§ **Exercise**
The lines below, from the one holding "New 2026 Lexus ES 350e FWD image 15" through the final line, are to be copied exactly, with no other lines and no pictures.

# # # #

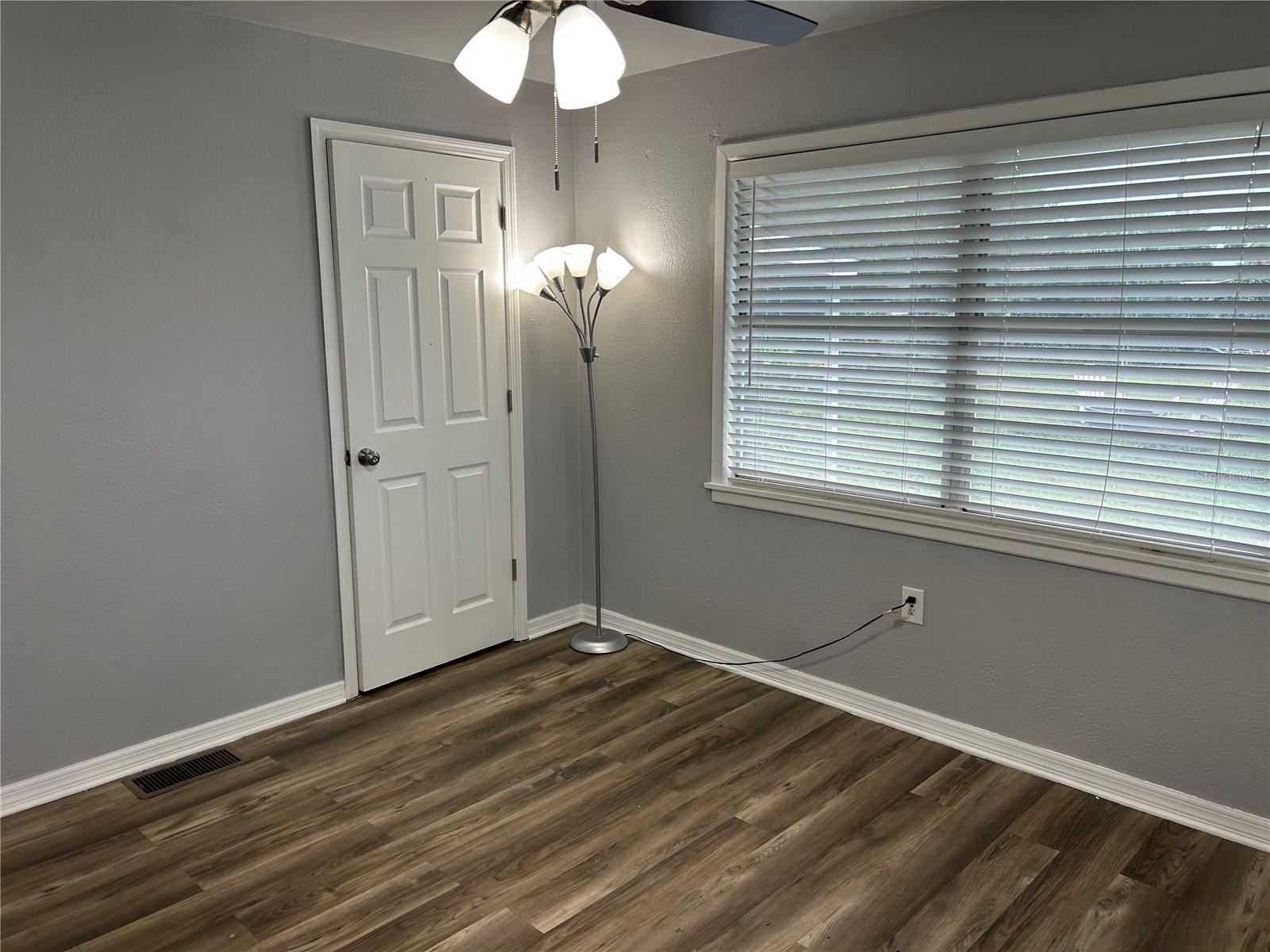 4708 PARK ACRES DR — photo 22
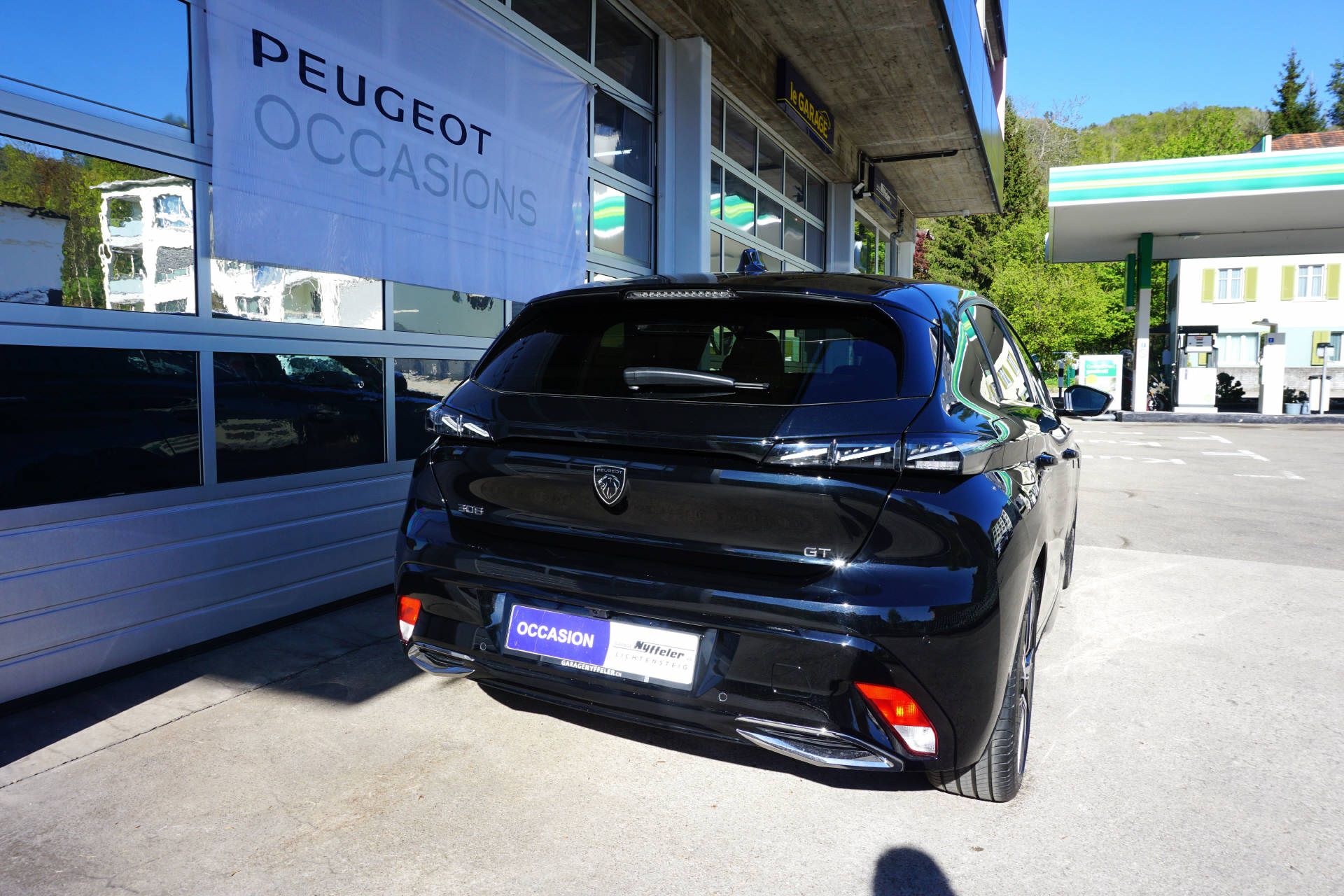 PEUGEOT 308 1.2 Hybrid GT-showroom-element-2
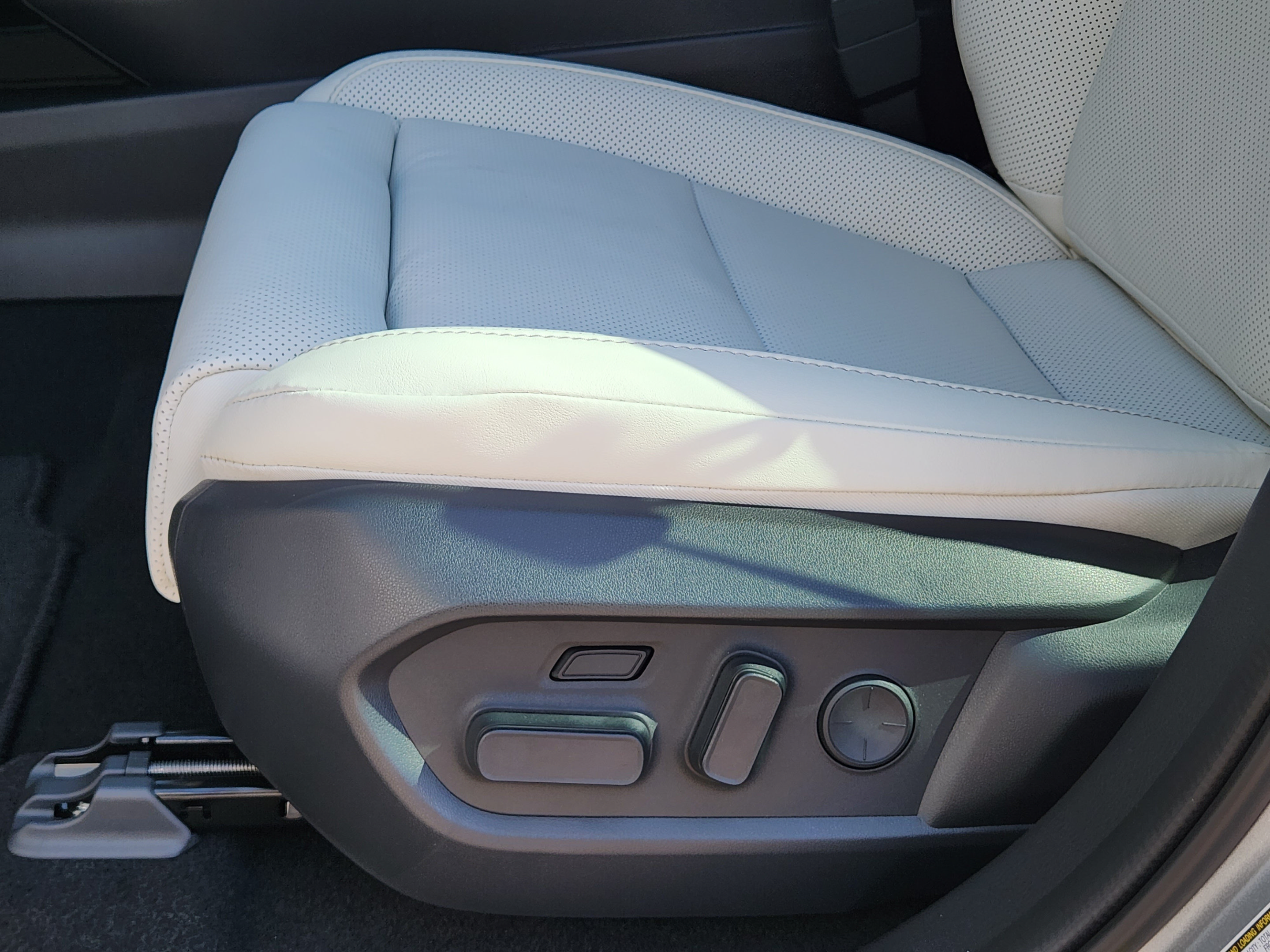 New 2026 Lexus ES 350e FWD image 15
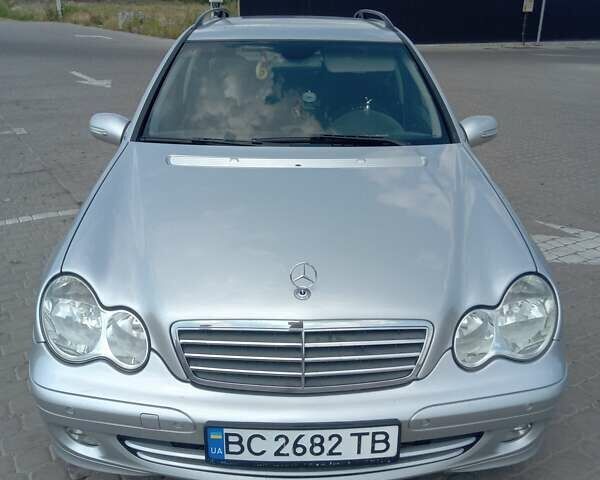 Сірий Мерседес Ц-Клас, об'ємом двигуна 1.8 л та пробігом 250 тис. км за 6300 $, фото 36 на Automoto.ua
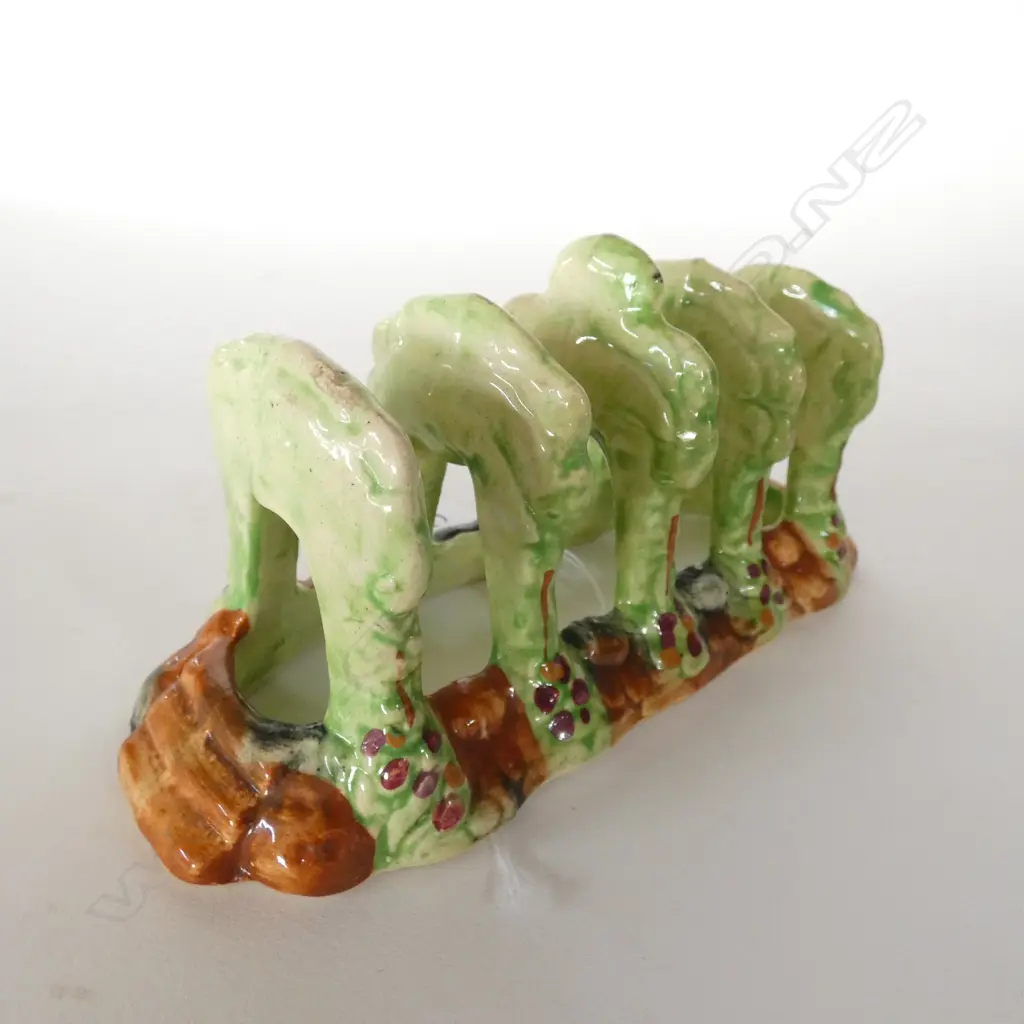 BRITISH - GARDEN ARCADE Image 1++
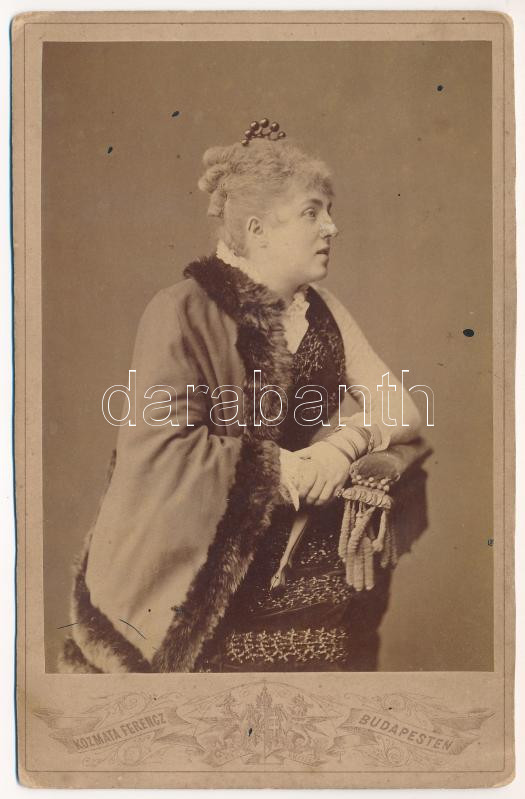 Blaha Lujza portré fotója. Keményhátú fotó Kozmata Ferenc Budapesten Kristóf tér 4. szám (10,9 x 16,8 cm) (EK)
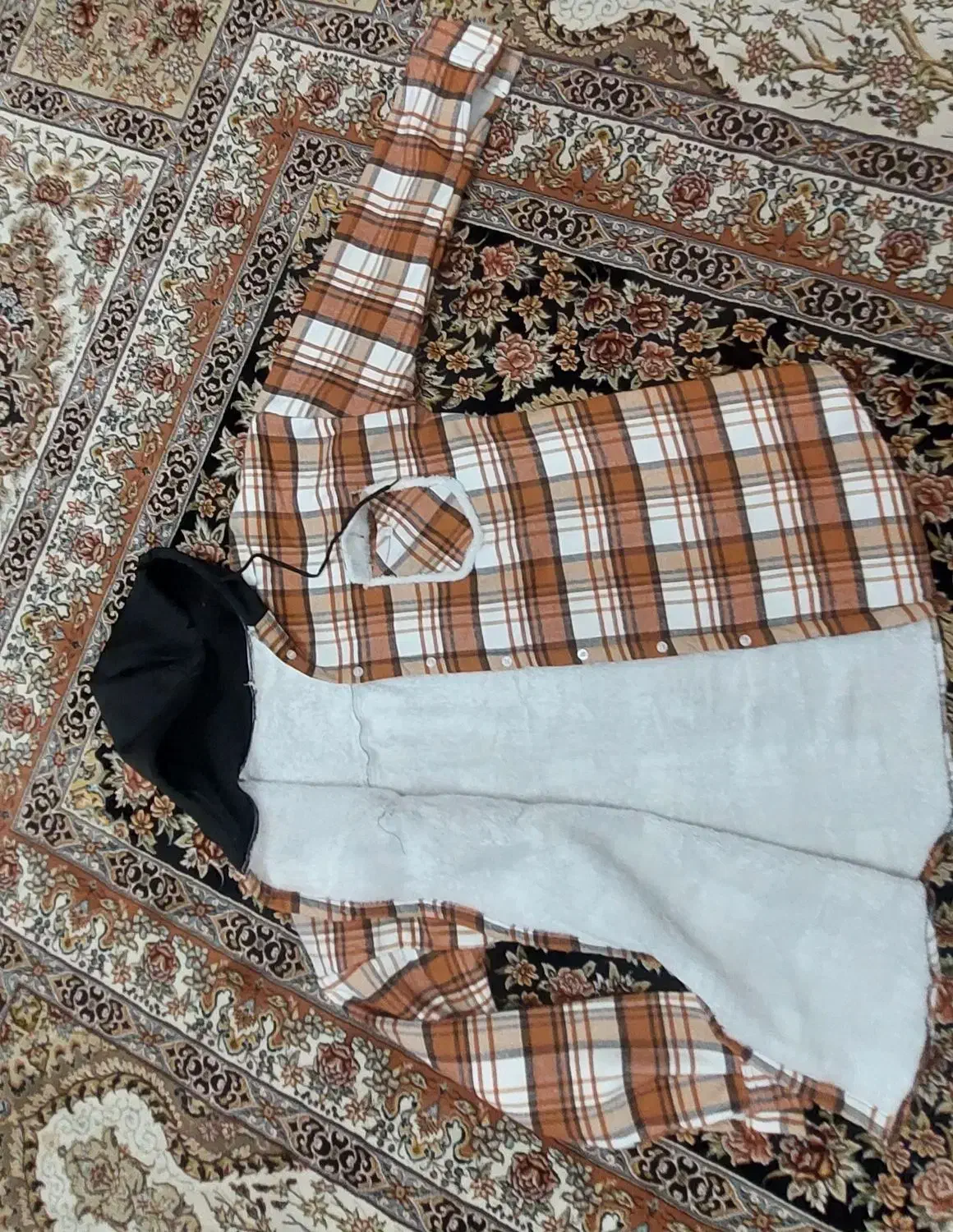 شکِت،داخل خز،فری سایز،نو|لباس|سبزوار, عظیمیان|دیوار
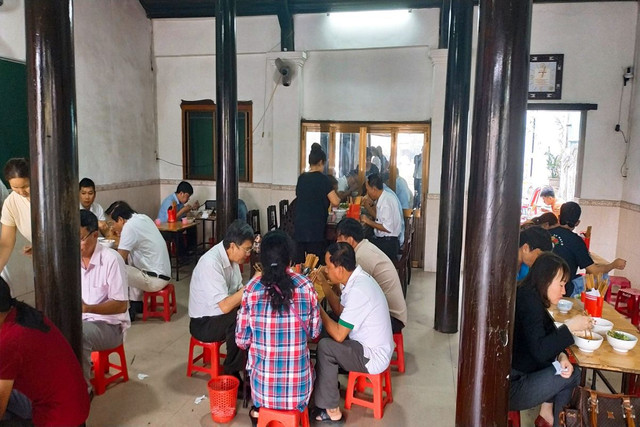Quán bún bò tuổi đời 70 năm, ngày bán 300 bát, 9h đã hết - Hình 6 Quan bun bo tuoi doi 70 nam, ngay ban 300 bat, 9h da het-Hinh-6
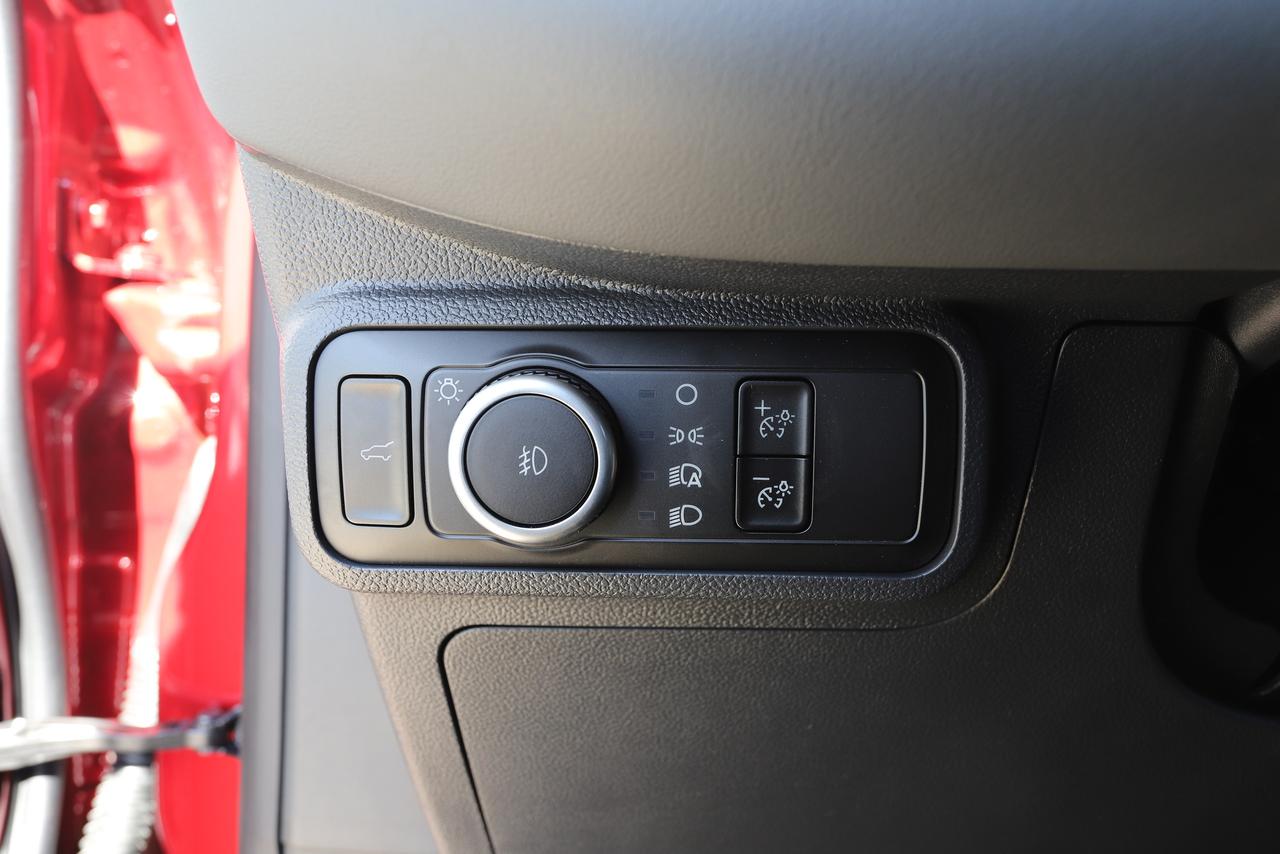2027 Ford Explorer ACTIVE w/100A Pkg 4WD Photo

# # # #

§ **Exercise result**
 New 2026 Lexus ES 350e FWD image 15
 Сірий Мерседес Ц-Клас, об'ємом двигуна 1.8 л та пробігом 250 тис. км за 6300 $, фото 36 на Automoto.ua
 BRITISH - GARDEN ARCADE Image 1++
 Blaha Lujza portré fotója. Keményhátú fotó Kozmata Ferenc Budapesten Kristóf tér 4. szám (10,9 x 16,8 cm) (EK)
 شکِت،داخل خز،فری سایز،نو|لباس|سبزوار, عظیمیان|دیوار
Quán bún bò tuổi đời 70 năm, ngày bán 300 bát, 9h đã hết - Hình 6 Quan bun bo tuoi doi 70 nam, ngay ban 300 bat, 9h da het-Hinh-6
2027 Ford Explorer ACTIVE w/100A Pkg 4WD Photo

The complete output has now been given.